## Try it
In your copy, include every line of the listing below exactly but none of the pictures.

## Data excerpts
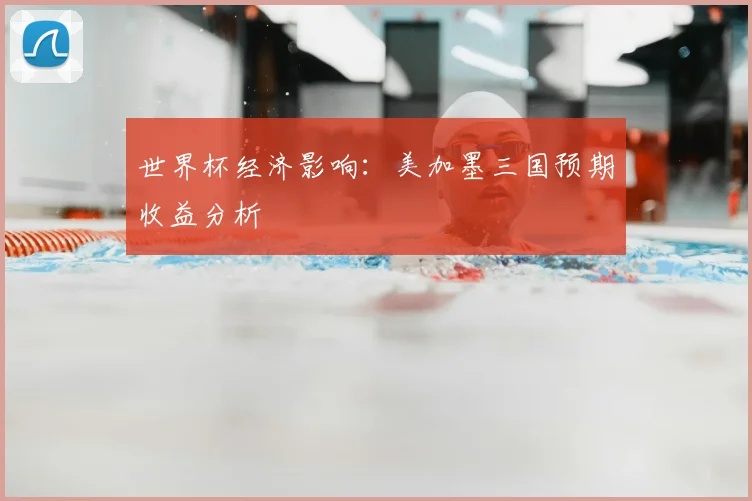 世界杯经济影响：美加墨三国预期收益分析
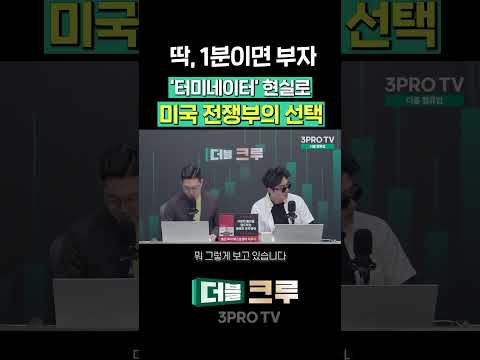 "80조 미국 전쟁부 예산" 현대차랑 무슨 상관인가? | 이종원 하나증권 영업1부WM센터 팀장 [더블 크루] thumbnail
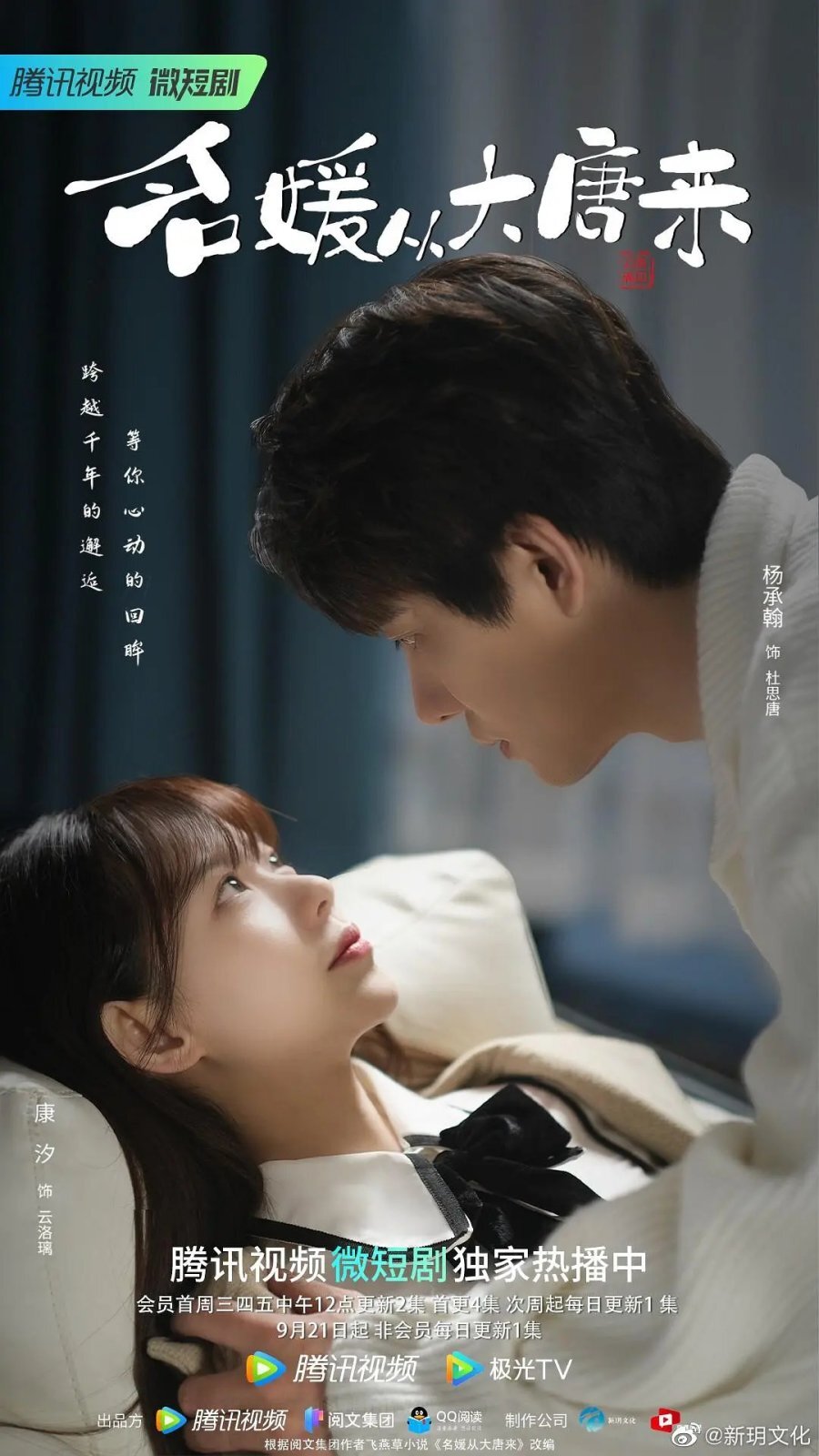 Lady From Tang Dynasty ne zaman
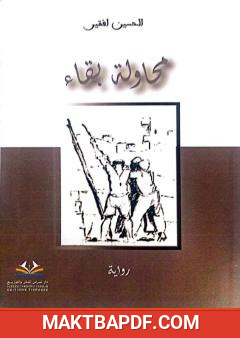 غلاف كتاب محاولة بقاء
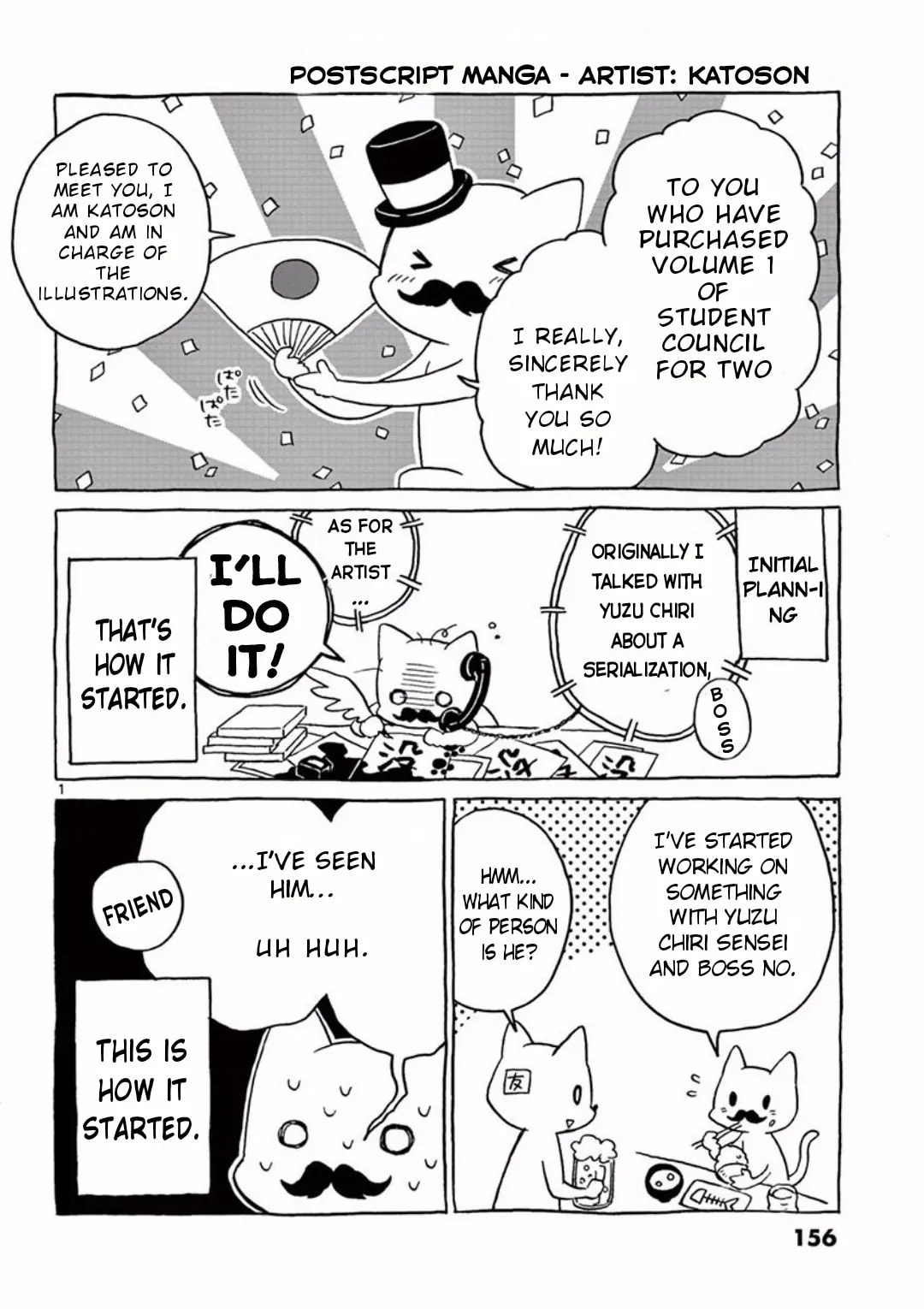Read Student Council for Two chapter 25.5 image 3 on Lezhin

## Solution to this exercise
 世界杯经济影响：美加墨三国预期收益分析
 "80조 미국 전쟁부 예산" 현대차랑 무슨 상관인가? | 이종원 하나증권 영업1부WM센터 팀장 [더블 크루] thumbnail
 Lady From Tang Dynasty ne zaman
 غلاف كتاب محاولة بقاء
Read Student Council for Two chapter 25.5 image 3 on Lezhin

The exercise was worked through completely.